For Kluver, it is the difference between art and technology that makes the result of their interaction worthwhile, while the idea of unifying them is a prescription for boredom. Such a paradoxical position delimits the poles - or rather, the seamless continuity - of belief and skepticism that coexist at this conflicted cross-roads of art and technology.
In the program notes that Kluver wrote for Nine Evenings, he emphasized the importance of improving the status and respectability of artists in society, and of the benefits resulting from "feedback to industry from the interaction between artists and engineers."11 Kluver came to believe that he "could change technology, and that art was a vehicle for that."12 There is no better proof of his commitment to this idea than the fact that in 1968 he left his prestigious and lucrative job at Bell Labs in order to pursue that quest full-time as President of E.A.T.
For the November 1, 1967 issue of E.A.T. News, Kluver and Rauschenberg collaborated on a statement that expressed the "urgency we feel about the need for a new awareness and sense of responsibility" regarding the relationship between art and technology, and the long-range goals of E.A.T.:
MAINTAIN A CONSTRUCTIVE CLIMATE FOR THE RECOGNITION OF THE NEW TECHNOLOGY AND THE ARTS BY A CIVILIZED COLLABORATION BETWEEN GROUPS UNREALISTICALLY DEVELOPING IN ISOLATION.
ELIMINATE THE SEPARATION OF THE INDIVIDUAL FROM TECHNOLOGICAL CHANGE AND EXPAND AND ENRICH TECHNOLOGY TO GIVE THE INDIVIDUAL VARIETY, PLEASURE AND AVENUES FOR EXPLORATION AND INVOLVEMENT IN CONTEMPORARY LIFE.
ENCOURAGE INDUSTRIAL INITIATIVE IN GENERATING ORIGINAL FORETHOUGHT INSTEAD OF A COMPROMISE IN AFTERMATH, AND PRECIPITATE A MUTUAL AGREEMENT IN ORDER TO AVOID THE WASTE OF A CULTURAL REVOLUTION.13The authors asserted that it was unrealistic for art and technology to develop separately. But wouldn't that contradict Kluver's belief in the importance of their distinctness? Moreover, wouldn't a "civilized collaboration" be a prescription for ennui? In other words, boring? Perhaps an "uncivilized collaboration" - such as pirate radio and television, or other guerilla art tactics - would provide more of the "variety, pleasure, and avenues for exploration..." that Rauschenberg and Kluver sought.
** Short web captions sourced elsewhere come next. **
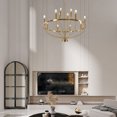 thumbnail image 6 of Rustic Candle Round Chandelier, Chandeliers for Dining Room Powerful Lighting, 6 of 16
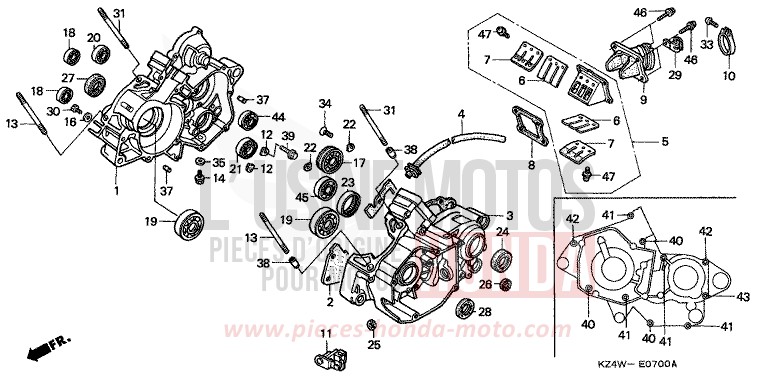 CARTER MOTEUR de CR125R NEUCLEAR RED (R177) 1998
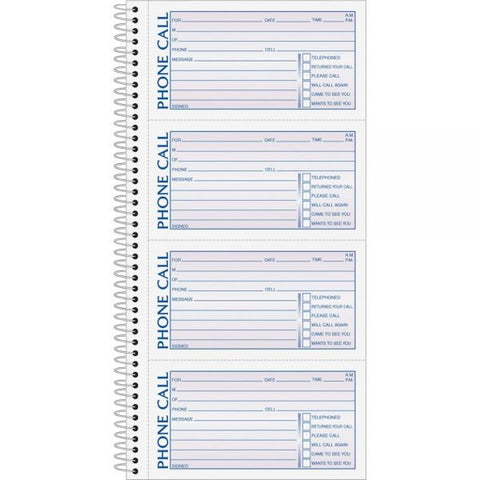 TOPS Spiralbound Message Book, Two-Part Carbonless, 5 x 2.75, 4 Forms/Sheet, 400 Forms Total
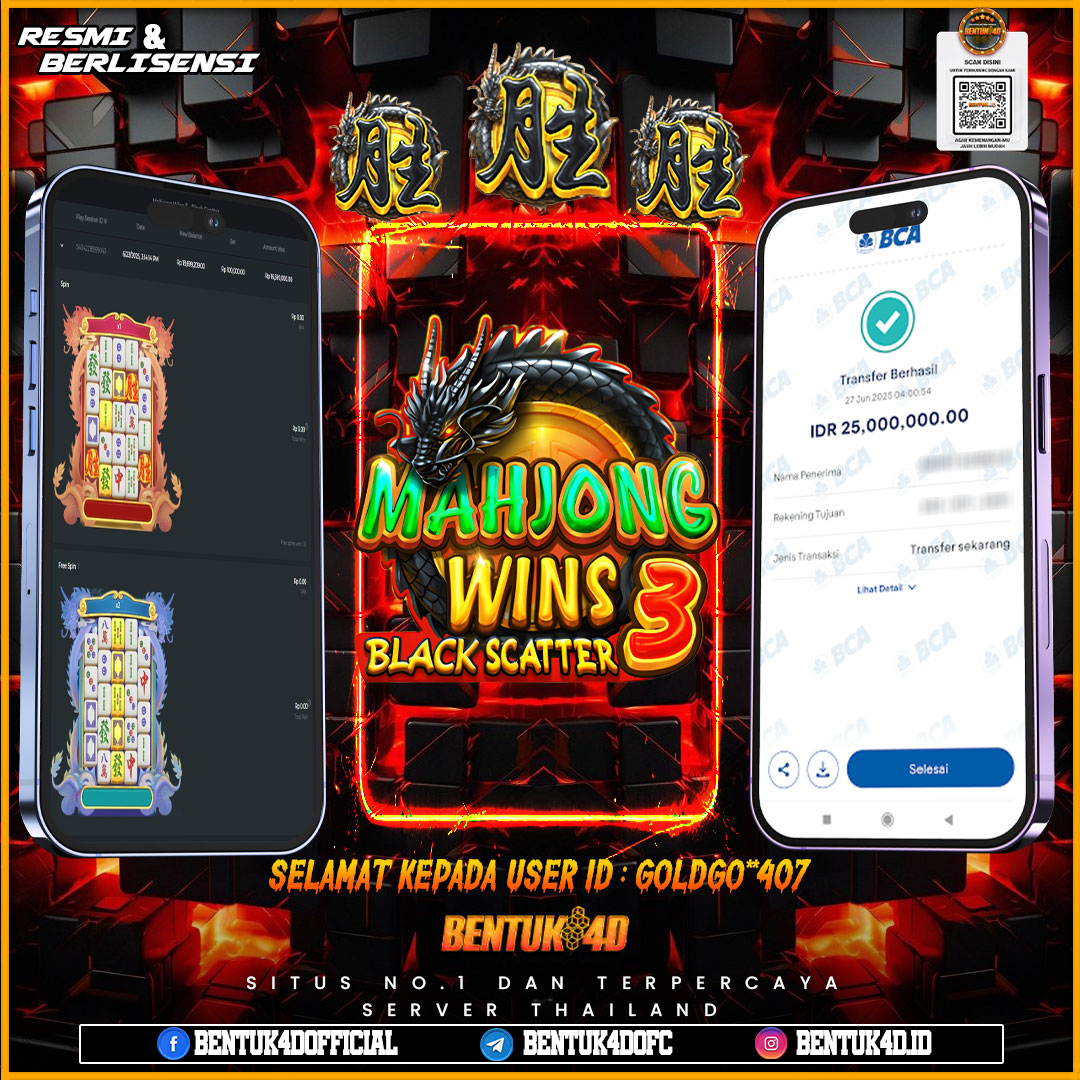 SELAMAT KEPADA USER ID : GOLDGO**707 WD PAUS SEBESAR Rp 25,000,000,- BUKTIKAN LANGSUNG BOSKU MAIN DI BENTUK4D !! LANGSUNG DI KASI MAXWIN !!!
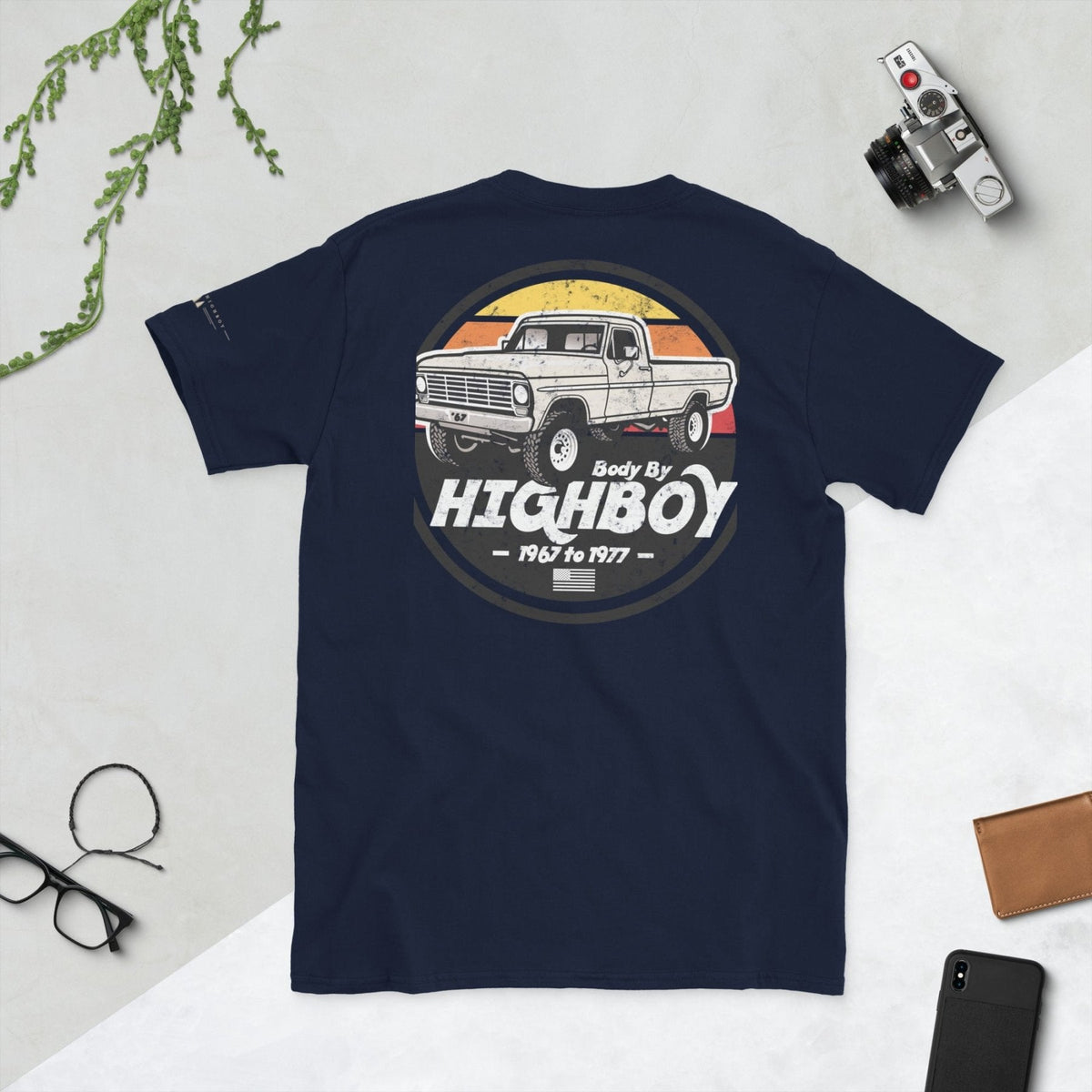 Body By Highboy T-shirt with the distressed vintage pickup badge labeled 1967–1977.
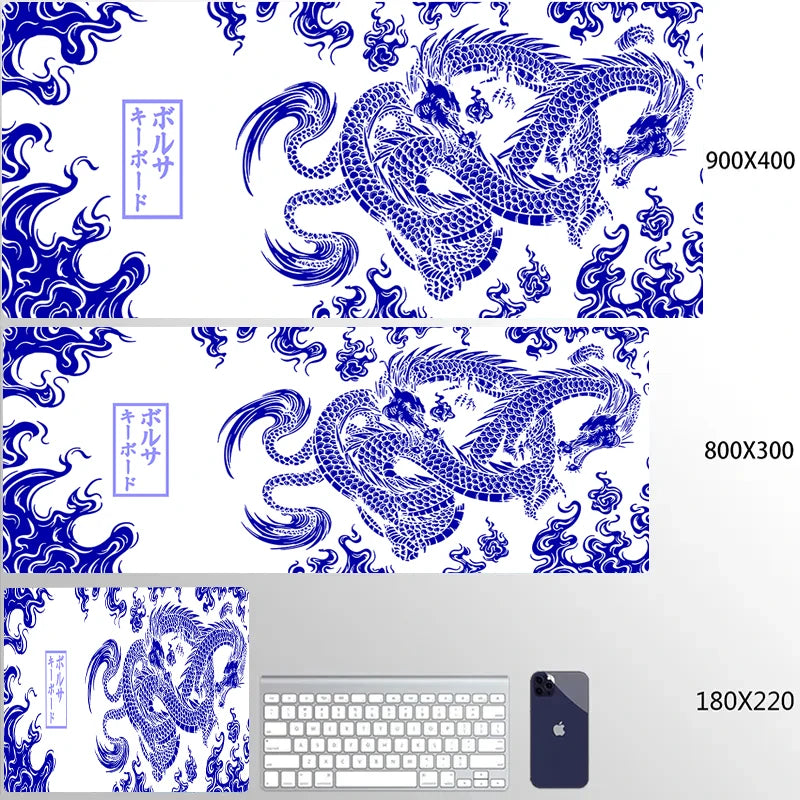 Golden Japanese Dragon Mouse Pad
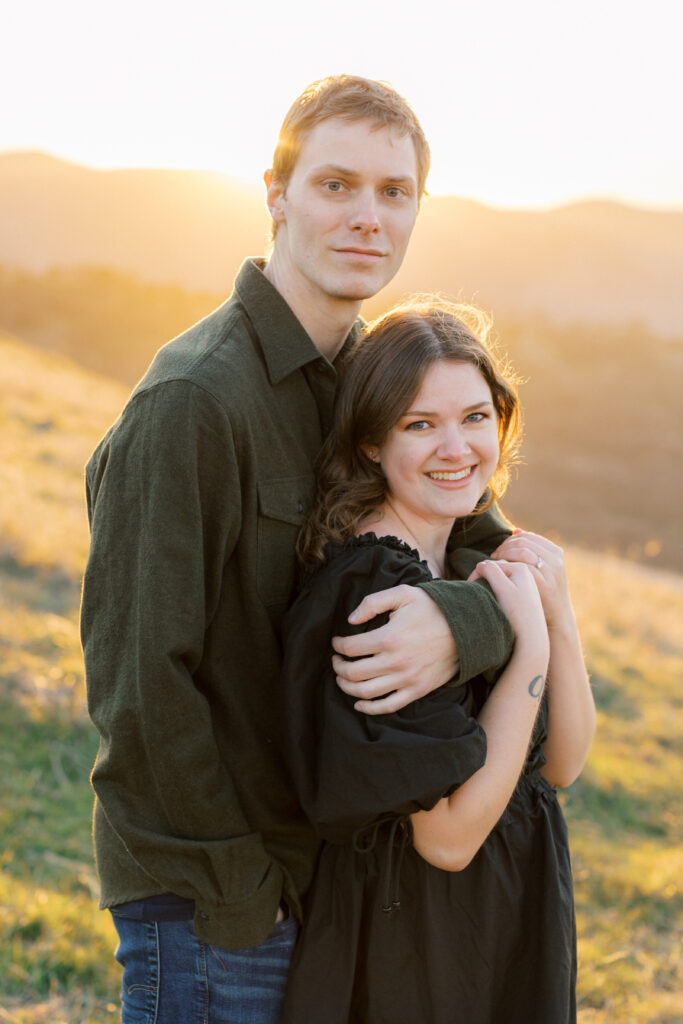 Black dress engagement session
As Jasia Reichardt, curator of the 1968 British exhibition Cybernetic Serendipity argued, "artists like Takis, Tinguely,... Paik [and others] ... have consistently made use of technology without the help of any specific organization."14
Kluver and Rauschenberg's conclusion is especially striking in that it reveals a belief, or veiled threat, that if industry did not change its ways, there would inevitably be a revolution, and that would be "wasteful" - the antithesis of efficient engineering. In this sense, their statement can be interpreted as transforming Cage's idea of the artist as revolutionary into the idea of the artist as the key to efficiency and the prevention of revolution. Reversing the terms of the official US ideological front referred to earlier, in which technology and capitalist industry were allied against the perceived Soviet threat, Kluver and Rauschenberg allied art and technology with the ideological concerns percolating amongst Leftist intellectuals and artists (the sexual revolution and the anti- war, civil rights, and environmental movements) against the perceived repression and alienation of the military-industrial-complex.
While Nine Evenings and E.A.T. represent the more self-organizing, grass-roots end of the art and technology spectrum, the 1968 exhibition, The Machine: As Seen at the End of the Mechanical Age, represents its measured, institutional end. Swedish art historian K.G. Pontus Hulten, who had organized a number of important international exhibitions on kinetic art and other experimental media since the 1950s, curated this large-scale exhibition of art and technology at the Museum of Modern Art (MOMA) in New York.15 A broad survey, including work by some 100 artists, The Machine represented the historical intersections of art and technology, from Leonardo DaVinci's drawings of visionary flying machines (c. 1485-90) to a commissioned competition amongst contemporary artist-engineer collaborations, publicized and overseen by E.A.T.16 By endorsing this interdependent history with MOMA's seal of approval, Hulten sought, in part, to overcome popular prejudices against the use of technological media in art.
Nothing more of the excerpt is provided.